Exercise requirements: Please print the listing that follows word for word, but skip any pictures it holds.

Exercise data:
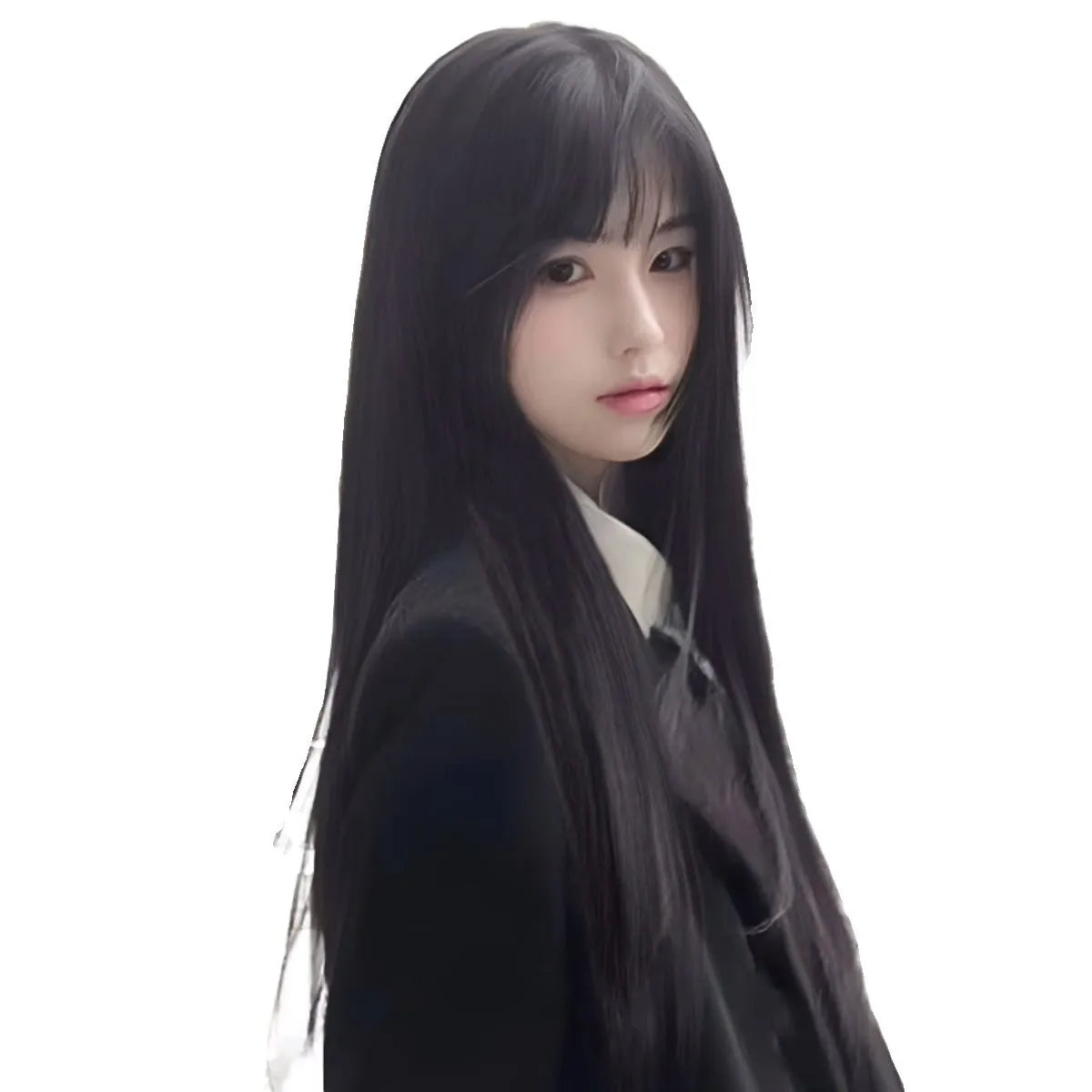 Straight black synthetic wig with fringe options and built-in headband for women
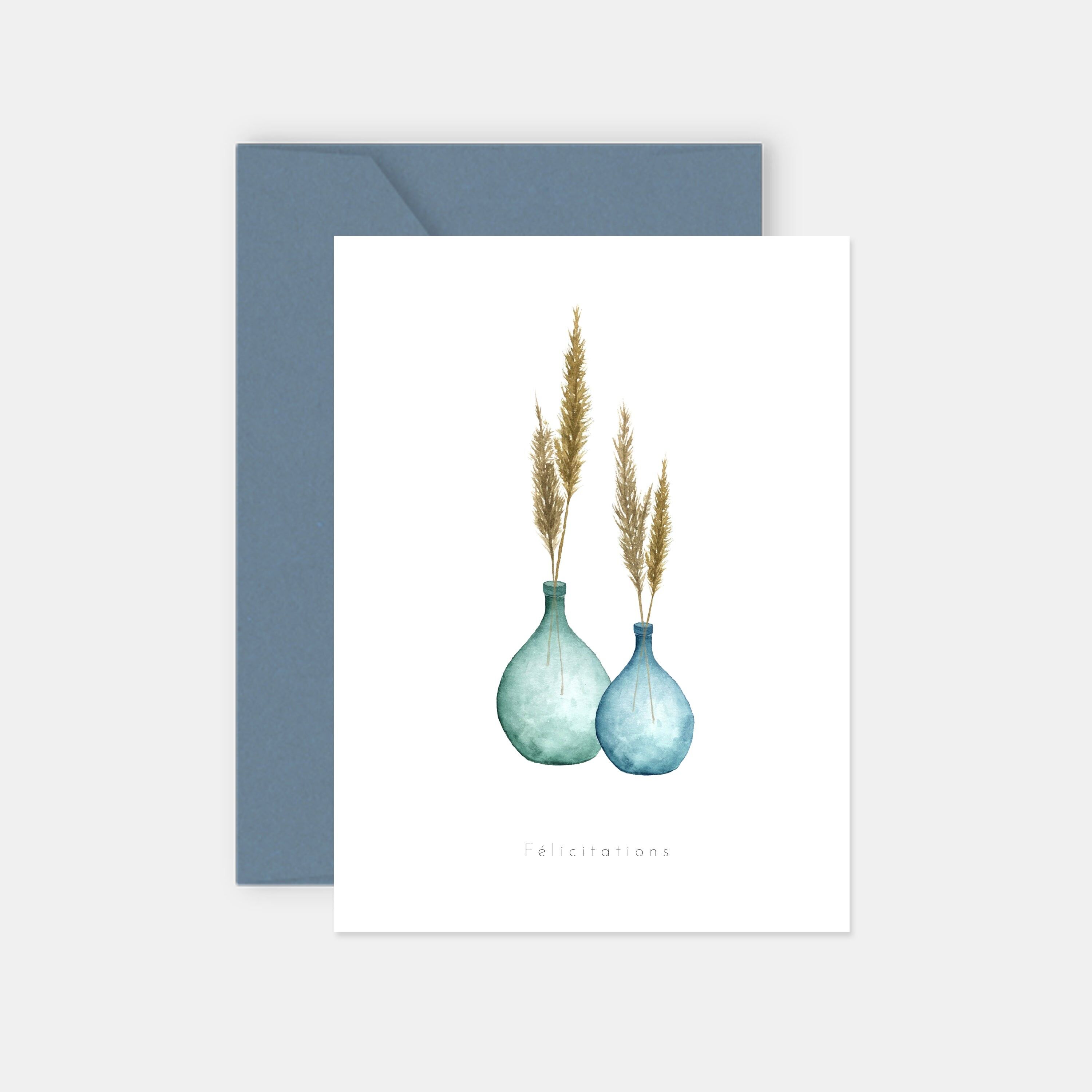 Biglietto di congratulazioni - Acquerello Pampas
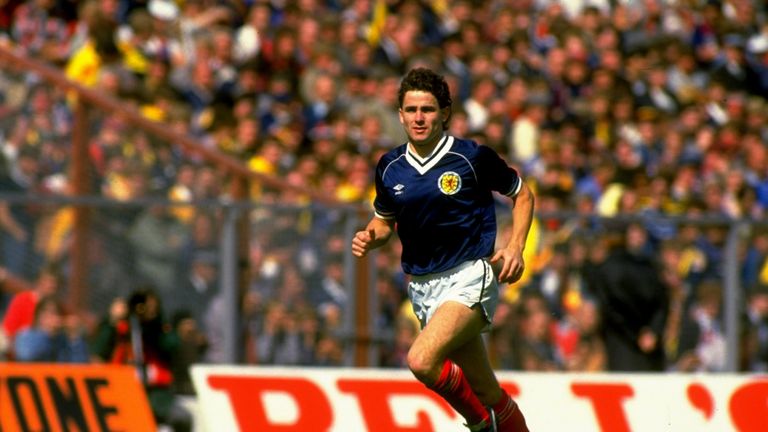 Albiston in action for Scotland against England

Completed exercise:
 Straight black synthetic wig with fringe options and built-in headband for women
 Biglietto di congratulazioni - Acquerello Pampas
 Albiston in action for Scotland against England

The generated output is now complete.